Google: ecco perché è diventato il miglior posto dove lavorare

La classifica delle migliori multinazionali dove lavorare messa a punto da Great Place to Work assegna per la prima volta a Google la palma del posto più ambito del mondo. Il podio in realtà, come racconta Huffington Post , è il frutto di una strategia nata per risolvere un problema. Quale? Quello delle donne che lasciavano l’azienda dopo la maternità. Come la maggior parte delle aziende della Silicon Valley, infatti, i dipendenti di Google sono soprattutto uomini, ma le aziende della net economy fanno di tutto per incrementare il numero di donne presenti, per aumentare il numero di talenti necessari a far crescere il business. E quando la competizione è contro gli altri giganti come Apple, Facebook, Amazon e Microsoft, è facile comprendere come ogni dimissione impatti costosamente sul processo di selezione di nuovi dipendenti, sulla competitività e sulla produttività dell’azienda.
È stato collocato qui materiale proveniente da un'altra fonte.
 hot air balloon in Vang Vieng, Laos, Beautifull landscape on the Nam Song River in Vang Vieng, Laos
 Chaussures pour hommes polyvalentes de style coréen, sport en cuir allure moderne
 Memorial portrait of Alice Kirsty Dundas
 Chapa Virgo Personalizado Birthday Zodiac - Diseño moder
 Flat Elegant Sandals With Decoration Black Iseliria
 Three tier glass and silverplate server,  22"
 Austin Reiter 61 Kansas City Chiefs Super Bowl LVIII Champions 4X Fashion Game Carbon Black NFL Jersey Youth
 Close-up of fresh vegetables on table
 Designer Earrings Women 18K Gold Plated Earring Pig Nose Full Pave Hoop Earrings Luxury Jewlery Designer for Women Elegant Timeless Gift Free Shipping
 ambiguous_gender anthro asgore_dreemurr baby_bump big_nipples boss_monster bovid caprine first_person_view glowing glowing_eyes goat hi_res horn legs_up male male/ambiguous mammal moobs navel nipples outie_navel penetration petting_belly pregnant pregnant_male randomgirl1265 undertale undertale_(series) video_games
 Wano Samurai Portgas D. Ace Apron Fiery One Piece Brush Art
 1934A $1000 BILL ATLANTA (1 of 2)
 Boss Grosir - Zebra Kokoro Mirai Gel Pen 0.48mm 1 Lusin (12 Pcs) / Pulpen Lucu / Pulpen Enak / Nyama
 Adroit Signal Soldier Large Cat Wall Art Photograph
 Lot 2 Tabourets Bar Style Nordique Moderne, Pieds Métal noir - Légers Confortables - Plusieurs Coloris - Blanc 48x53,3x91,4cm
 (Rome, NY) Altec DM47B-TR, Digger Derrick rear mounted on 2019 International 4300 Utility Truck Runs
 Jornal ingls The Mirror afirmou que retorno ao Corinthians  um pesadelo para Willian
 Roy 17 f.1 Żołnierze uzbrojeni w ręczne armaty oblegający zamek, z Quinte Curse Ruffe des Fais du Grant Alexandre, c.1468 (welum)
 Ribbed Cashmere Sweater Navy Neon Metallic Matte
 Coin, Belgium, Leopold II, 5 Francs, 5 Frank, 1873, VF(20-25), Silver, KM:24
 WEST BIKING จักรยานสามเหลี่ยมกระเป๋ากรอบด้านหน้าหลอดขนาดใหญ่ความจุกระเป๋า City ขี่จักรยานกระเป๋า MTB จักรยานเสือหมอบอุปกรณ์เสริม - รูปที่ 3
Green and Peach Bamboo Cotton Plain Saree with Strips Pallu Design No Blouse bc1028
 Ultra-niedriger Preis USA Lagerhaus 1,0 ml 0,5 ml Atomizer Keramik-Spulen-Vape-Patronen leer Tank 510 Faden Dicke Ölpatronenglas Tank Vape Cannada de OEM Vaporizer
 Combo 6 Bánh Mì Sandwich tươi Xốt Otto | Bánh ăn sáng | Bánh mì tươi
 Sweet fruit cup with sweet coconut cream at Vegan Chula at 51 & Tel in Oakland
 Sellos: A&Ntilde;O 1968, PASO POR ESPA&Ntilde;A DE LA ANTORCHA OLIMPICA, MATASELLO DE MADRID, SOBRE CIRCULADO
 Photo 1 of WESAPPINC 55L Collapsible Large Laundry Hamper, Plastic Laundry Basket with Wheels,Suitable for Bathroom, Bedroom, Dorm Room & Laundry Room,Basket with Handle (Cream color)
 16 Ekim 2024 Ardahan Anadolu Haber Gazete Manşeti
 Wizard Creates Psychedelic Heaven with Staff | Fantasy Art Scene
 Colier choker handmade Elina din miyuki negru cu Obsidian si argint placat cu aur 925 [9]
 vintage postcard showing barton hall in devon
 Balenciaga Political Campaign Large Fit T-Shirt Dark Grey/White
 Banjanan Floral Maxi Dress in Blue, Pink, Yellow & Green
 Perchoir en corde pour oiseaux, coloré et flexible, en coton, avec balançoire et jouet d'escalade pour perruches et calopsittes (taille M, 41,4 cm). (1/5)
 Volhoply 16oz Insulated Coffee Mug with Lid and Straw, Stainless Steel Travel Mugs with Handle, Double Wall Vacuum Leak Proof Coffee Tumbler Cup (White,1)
Google, che è un’azienda nata da un algoritmo, ha capito che c’era un problema legato alla felicità e si è messa a misurarlo per risolverlo. La missione di People Operations, quello che comunemente e riduttivamente sarebbe etichettato come “ufficio del personale”, è quella di individuare i problemi e implementare delle soluzioni. Il suo giovanissimo capo, il 40enne Laszlo Block, si è dunque reso conto che le 12 settimane di maternità, in linea con la media delle aziende americane più sensibili, non erano sufficienti a mantenere il pool di talenti dell’azienda. Così, dal 2007, le neo mamme hanno a disposizione cinque mesi di maternità pagata da gestire in autonomia, un privilegio più che raro negli Stati Uniti. L’azienda ha incassato i benefici di questa politica: le dimissioni delle neo mamme sono calate del 50%, la felicità interna misurata dall’inchiesta annuale è cresciuta e il costo della maternità pagata è compensato dal risparmio sul processo di selezione. 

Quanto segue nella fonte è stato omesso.